Ed Sheeran's tale of one Angel grapples with connection, addiction, and its subject's all-too-likely fate.
A lot of things make me pause and think while I'm here in Berkeley. It's the hallmark of a college town, especially considering most of those moments occur in a classroom. However, there's one recurring sight across the city that is decidedly out in the open that always leaves me with unanswered questions: the homeless population.
It's clear that many of those in that population are suffering from various things they can't control on their own, and ready access to many substances on the city streets leads to abuse and further life difficulty. On a level, I sympathize with them, and that's why hearing Ed Sheeran's 2010 song "The A Team" recently made me really think about all the suffering I've seen out on the open in the past four years. Sheeran wrote the song after performing at a homeless shelter and being particularly touched by the story of one woman, Angel, around whose tale he formed his lyrics.
There's an approachability and a realness to Sheeran's narrative in "The A Team" that is sorely lacking in other songs that approach homelessness, exploitation and the like (Phil Collins is good at many things, but tackling this topic is not one of them). What I think it comes down to is Sheeran's lyrical focus on Angel. Rather than presenting an overview of homeless plight, "The A Team" is a singular story, and it's through this narrow perspective that the lyrics gain their power. Combine that with the rawness of Sheeran's simple, acoustic guitar-led folk arrangement, and you're left with a song that builds a world of emotion out of being straightforward.
Angel's story layers on the realities of drug addiction ("White lips, pale face / Breathing in the snowflakes / Burnt lungs, sour taste") and what she's willing to do to make the "loose change, bank notes" she can to fuel it ("And in a pipe she flies to the Motherland / Or sells love to another man.") There's no sugar-coating her life, or that of any addict. Drugs — specifically crack cocaine, a "Class A" drug, hence the song's title — have taken away her life as she knew it. Angel notes she's "been this way since 18"; with Sheeran himself being 19 at the time of the exchange, I can only imagine how he internally reckoned with Angel's narrative. At 21, I find it hard for myself to approach the topic, even though I'm literally surrounded by it here in Berkeley. The difference for me is that the homeless population I see is on the older side — if someone around my age is in Berkeley, it's most likely because they're a student. I don't know how I'd even grapple with seeing a teen or young adult in such a state...
What seals "The A Team"'s impact for me is Sheeran's succinct acknowledgment that death is the only foreseeable conclusion to the cycle he has been relayed. Sheeran's changing of the song's final line from "For angels to fly" to "For angels to die" is condemnatory and emotional enough on its own, but before that, the bridge reflects how he feels about this woman to whom he became attached on that fateful day: "An angel will die / Covered in white / Closed eyes and hopin' for a better life." It's clear Sheeran sees Angel as a good person whose life has fatally gone bad, its demise accelerated by her crack addiction. This understanding is only made possible by the human connection the two experienced on the day of his shelter performance.

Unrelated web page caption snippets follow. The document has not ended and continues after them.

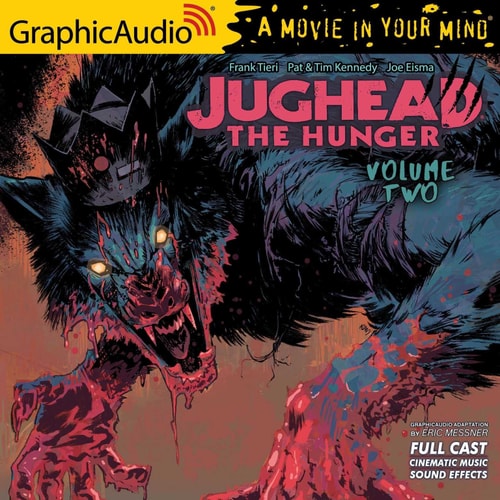 Jughead: The Hunger Volume 2 [Dramatized Adaptation]: Archie Comics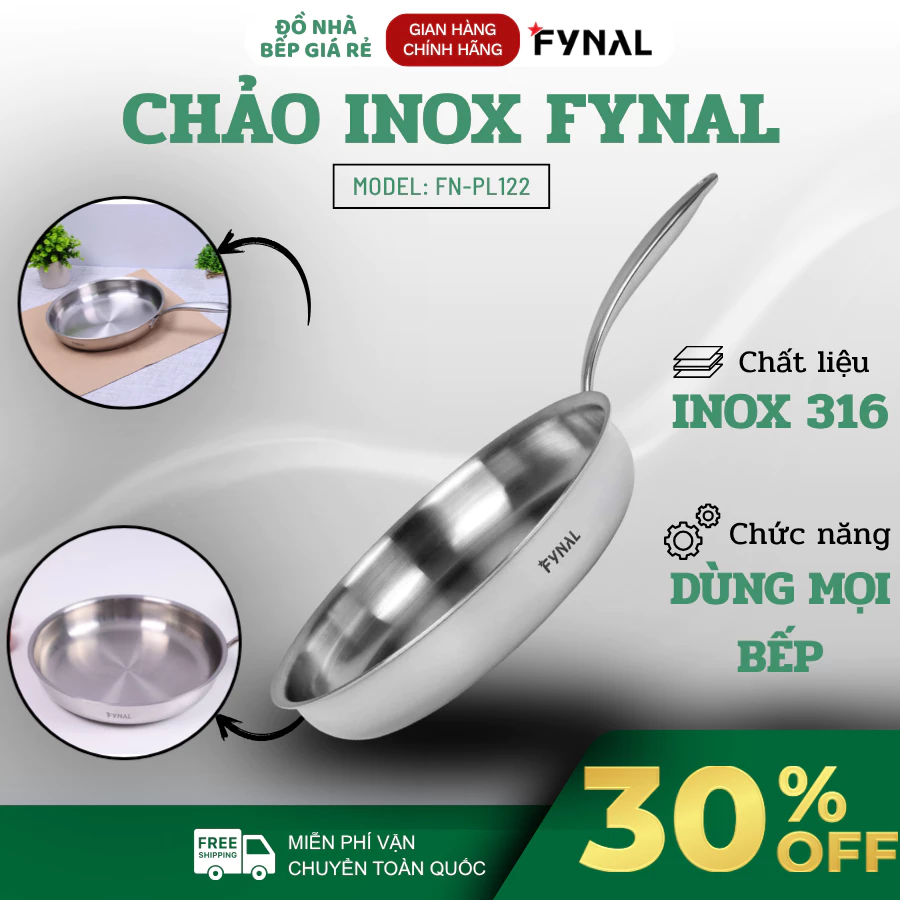 Chảo Cạn Inox Fynal FN-PL Đáy 3 Lớp Truyền Nhiệt Nhanh, An Toàn Cho Sức Khỏe, Độ Bền Cao - Đồ Nhà Bếp Giá Rẻ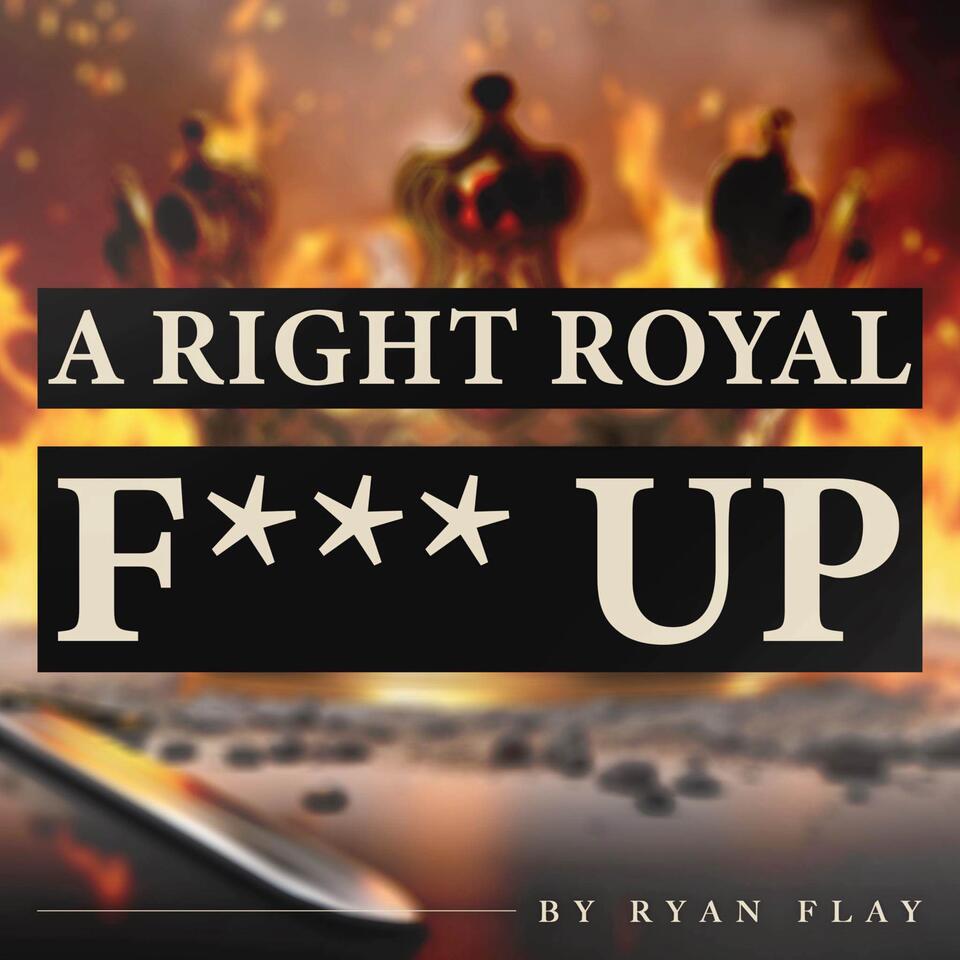 A Right Royal Fuck Up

"The A Team" is a rare example of true empathy for a vulnerable person being relayed through song. Hearing it always makes me think about those I see around me whose life arcs may be similar to Angel's, and it leaves me wondering just how much I can and should do for them. Alas, there is no one-size-fits-all answer, whether in my Berkeley, Ed Sheeran's West Yorkshire, or anywhere; stories and questions only continue to pile up as more and more fall "under the upper hand / And go mad for a couple grams."